### [Aim of the task]
Leave the pictures out, and print everything else in the records exactly.

**** Record set ****

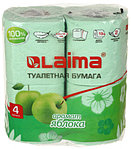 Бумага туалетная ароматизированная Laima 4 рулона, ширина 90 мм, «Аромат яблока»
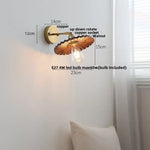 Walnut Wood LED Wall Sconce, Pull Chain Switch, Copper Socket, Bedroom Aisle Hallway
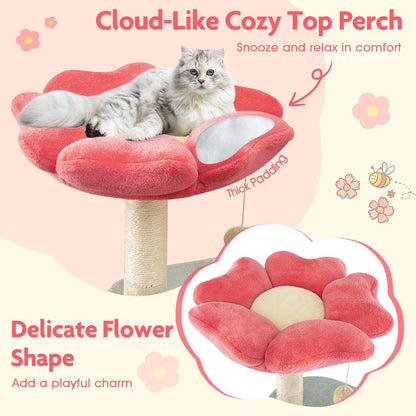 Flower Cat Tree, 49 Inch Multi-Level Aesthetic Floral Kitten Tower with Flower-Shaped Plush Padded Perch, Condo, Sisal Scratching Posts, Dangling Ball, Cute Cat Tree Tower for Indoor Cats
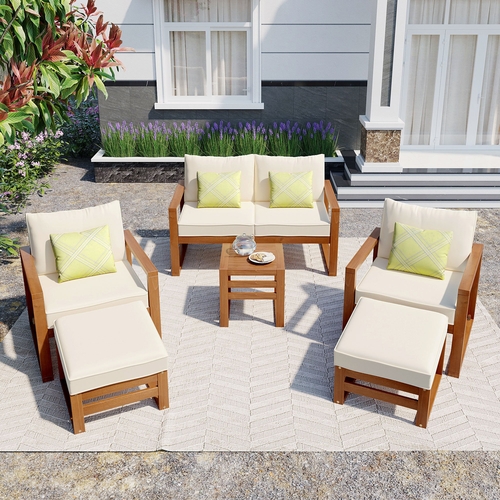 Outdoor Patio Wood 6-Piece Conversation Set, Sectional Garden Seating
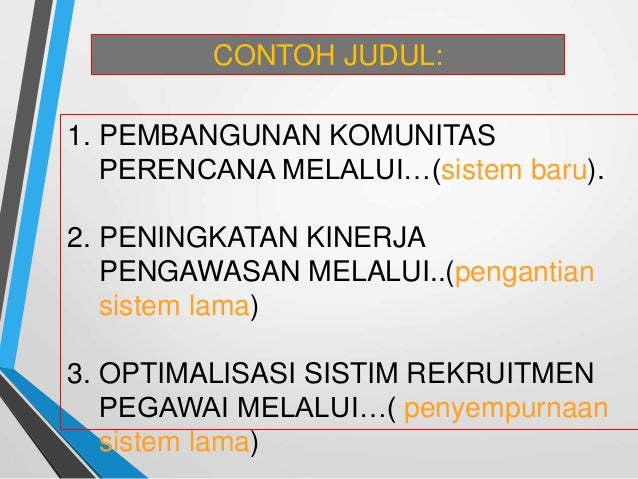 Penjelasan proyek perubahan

****

### [Answer to the exercise]
 Бумага туалетная ароматизированная Laima 4 рулона, ширина 90 мм, «Аромат яблока»
 Walnut Wood LED Wall Sconce, Pull Chain Switch, Copper Socket, Bedroom Aisle Hallway
 Flower Cat Tree, 49 Inch Multi-Level Aesthetic Floral Kitten Tower with Flower-Shaped Plush Padded Perch, Condo, Sisal Scratching Posts, Dangling Ball, Cute Cat Tree Tower for Indoor Cats
 Outdoor Patio Wood 6-Piece Conversation Set, Sectional Garden Seating
 Penjelasan proyek perubahan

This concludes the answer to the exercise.